Another scandal is surfacing regarding falsified building designs for earthquake resistance. This time it’s an architect in Sapporo, Hokkaido. This does not surprise me at all.
When I first heard of the Aneha scandal, another architect who did the same thing for hotels and condominiums, I knew it was just the tip of the iceberg.
To be sure, laws have been broken and unethical practices have come to light. As a result, some of the defective buildings are slated to be torn down and rebuilt. That’s fine, but the fact remains that most buildings in Japan are still vulnerable to catastrophic earthquakes.
Traditional Japanese homes, temples (except pagodas), and shrines made of wood are death traps during powerful quakes. But ironically, no one is clamoring for them to be torn down and rebuilt. In Jan. 1995, I visited Kobe 10 days after the deadly earthquake that killed over 5,000. (My photos here.)

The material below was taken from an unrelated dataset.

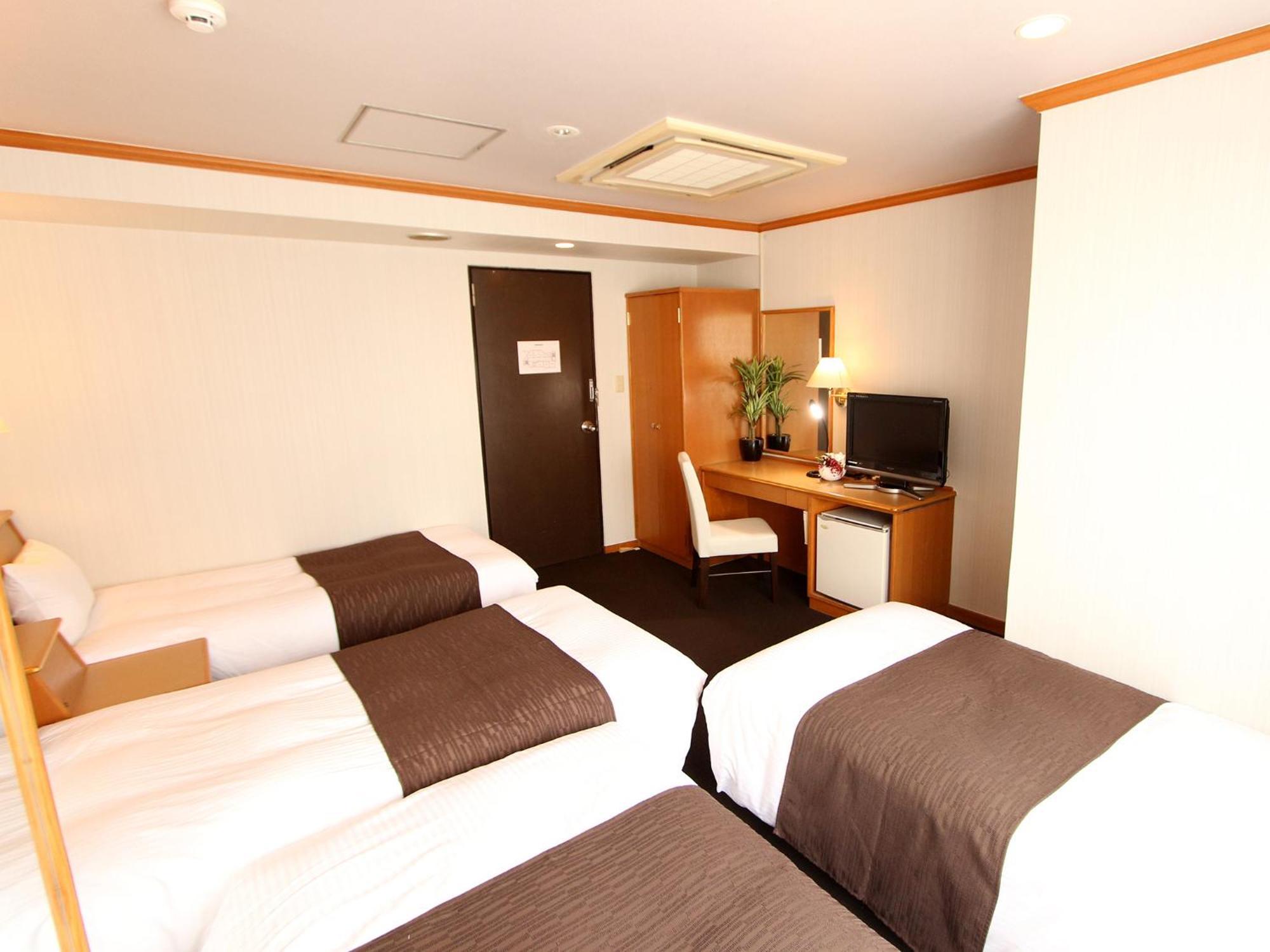 Hotel Livemax Budget Naha Tomarikou Camera foto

There was a definite and obvious pattern to how and which buildings collapsed. The traditional Japanese houses made of wood and kawara tile roofs hardly stood a chance withstanding the quake. The 2nd floor collapsed onto the first floor. I was shocked to see such destruction since most of my relatives and friends in Japan live in such homes.

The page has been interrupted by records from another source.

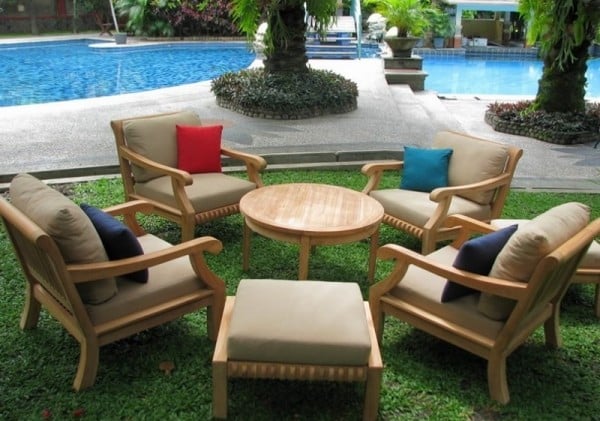 sitzgruppe aus indonesischem teakholz-rundtisch outdoor sessel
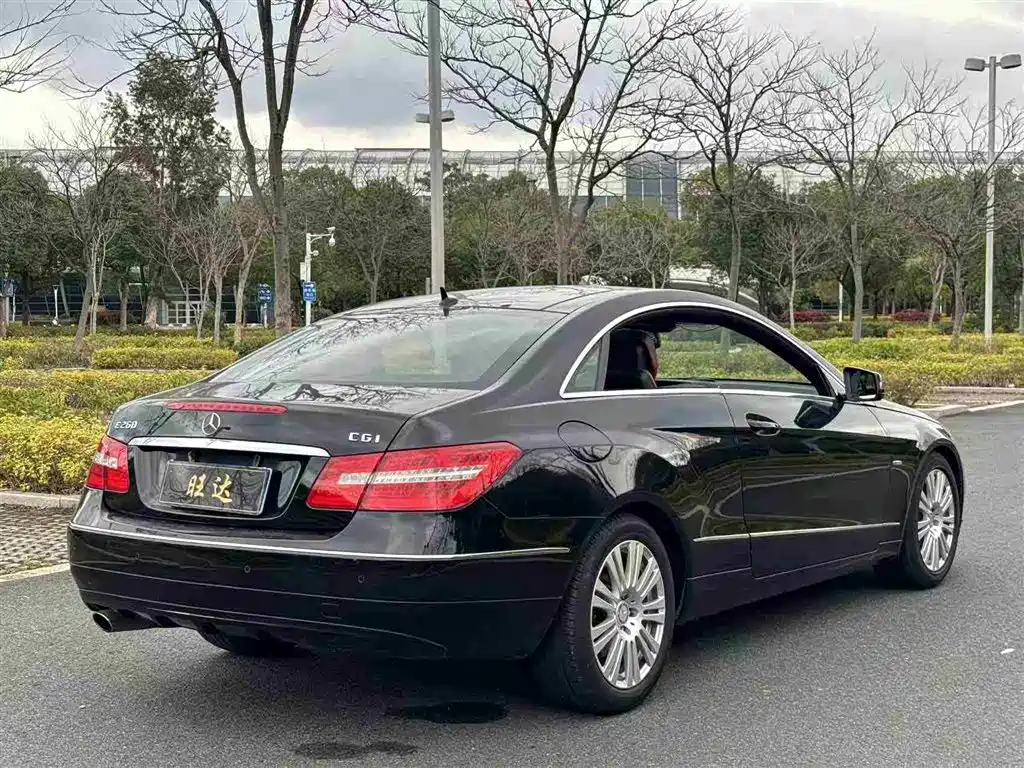 Mercedes-Benz E-Class 2011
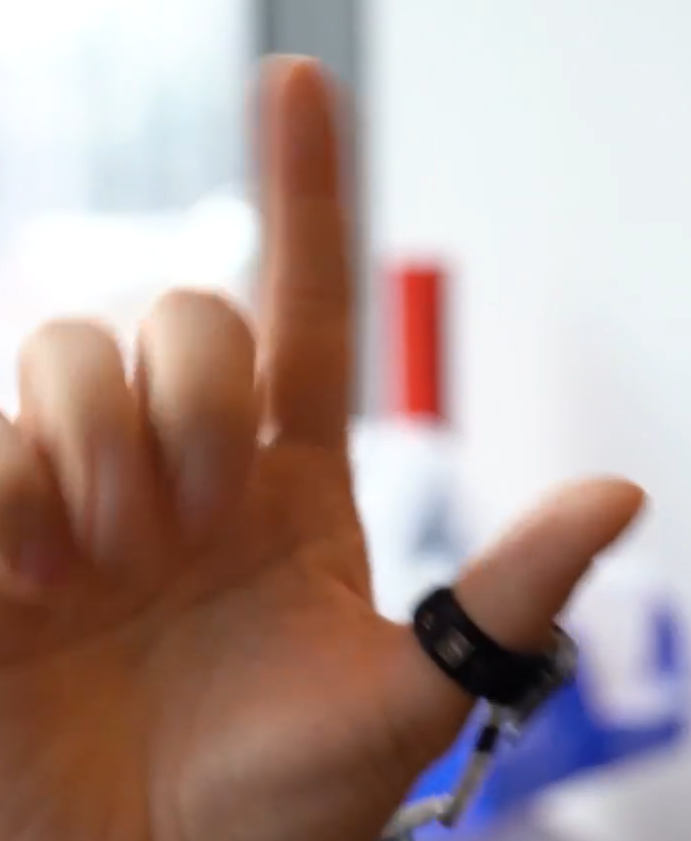Cornell University ‘SpellRing’ – AI-Powered Ring That Translates Sign Language Into Text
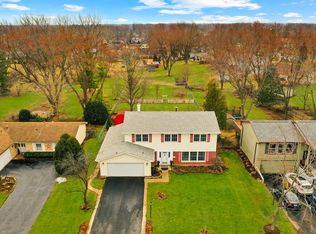 1045 Browning Ln, Lake Zurich, IL 60047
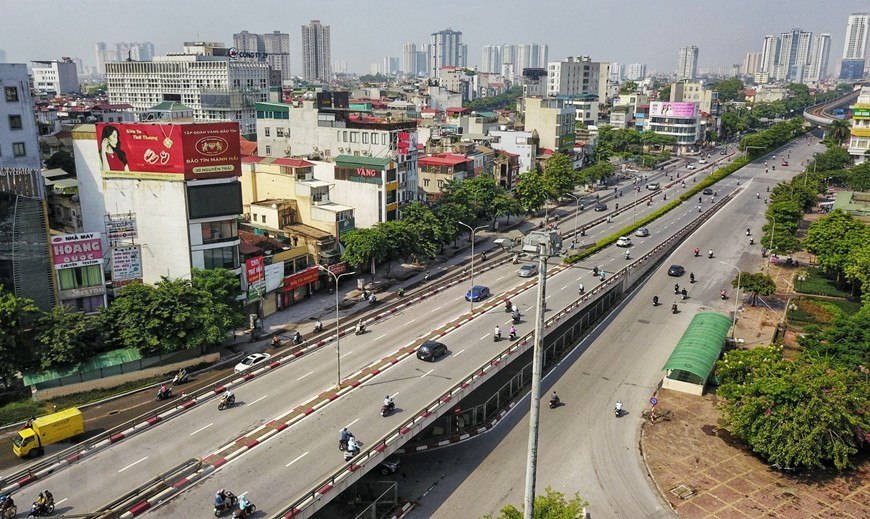 En la intersección del paso elevado de Nga Tu So, Truong Chinh - Nguyen Trai, se ha reducido la densidad del tráfico (Foto: VNA)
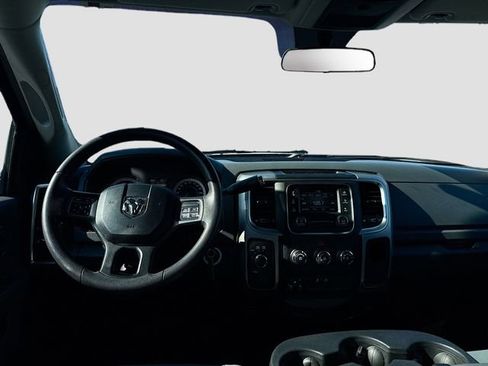 Used 2018 RAM 2500 SLT image 23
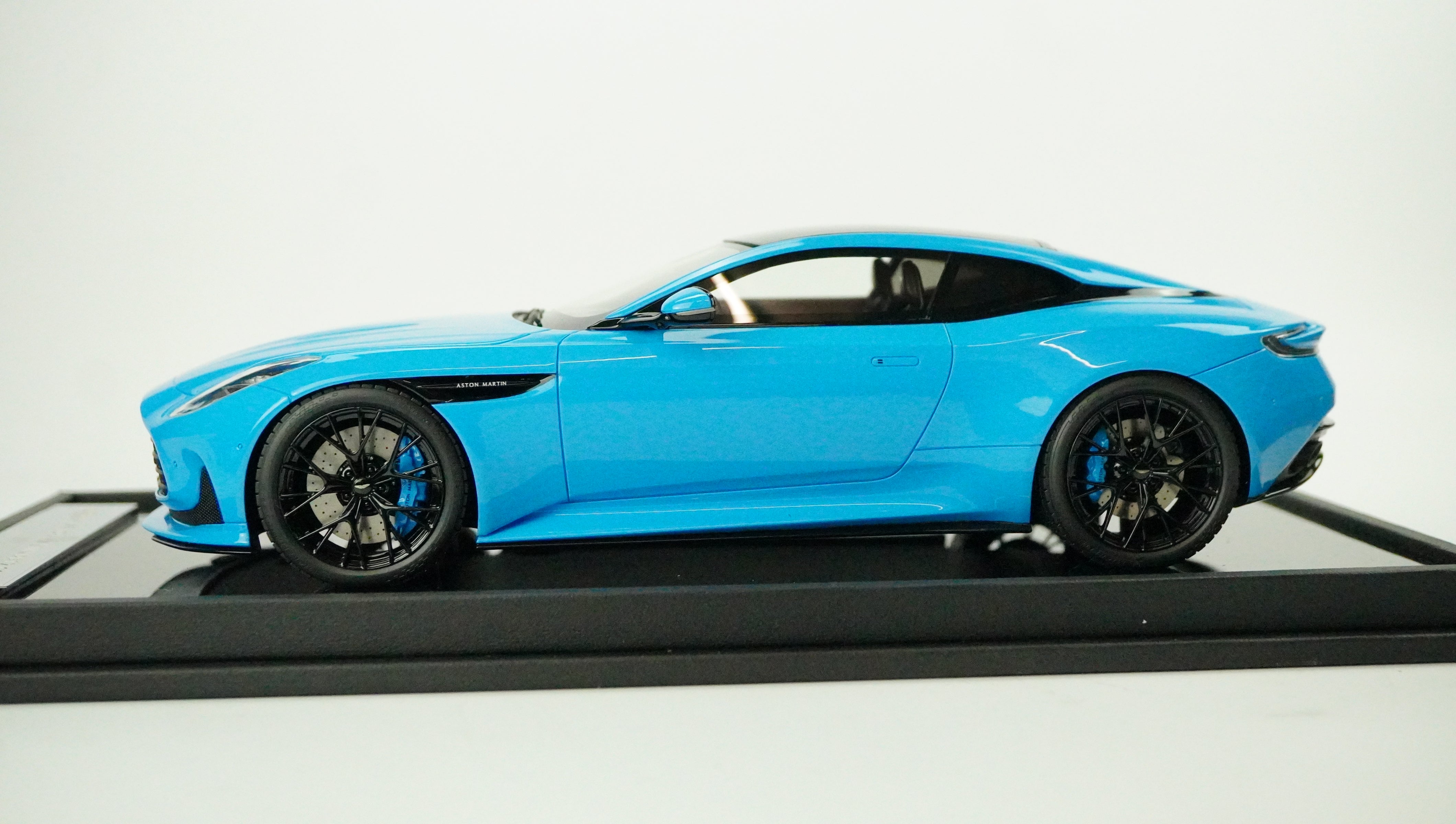 Aston Martin DB12 V8 Coupé Limited (incl. Showcase) 1:18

Multi-story apartment buildings and office buildings made of concrete also collapsed, usually on the ground floor or on a floor halfway up the building. The buildings which had a parking space on the ground floor supported by stilt-like columns collapsed on that floor. Such buildings are so common in Japan. Without ample supporting walls, those stilts ain’t strong enough in a strong earthquake. I would avoid living in such buildings. Not only that, damaged columns supporting the bullet train tracks revealed large pieces of wood mixed in the concrete. Somebody tried to reduce the amount of concrete in the pillars with the wood. It obviously weakened the strength of the pillar. Watered-down concrete is also another cost-reduction measure known to exist.
Since it’s near impossible and impractical to tear down and rebuild all of Japan’s vulnerable buildings, there should be a national program to reinforce homes and buildings to at least not collapse on the occupants. Since the Kobe quake, I’ve noticed highways and subway stations being reinforced. The same should be implemented for homes. Although the media attention focuses on the current architect design scandals, they are missing the bigger picture.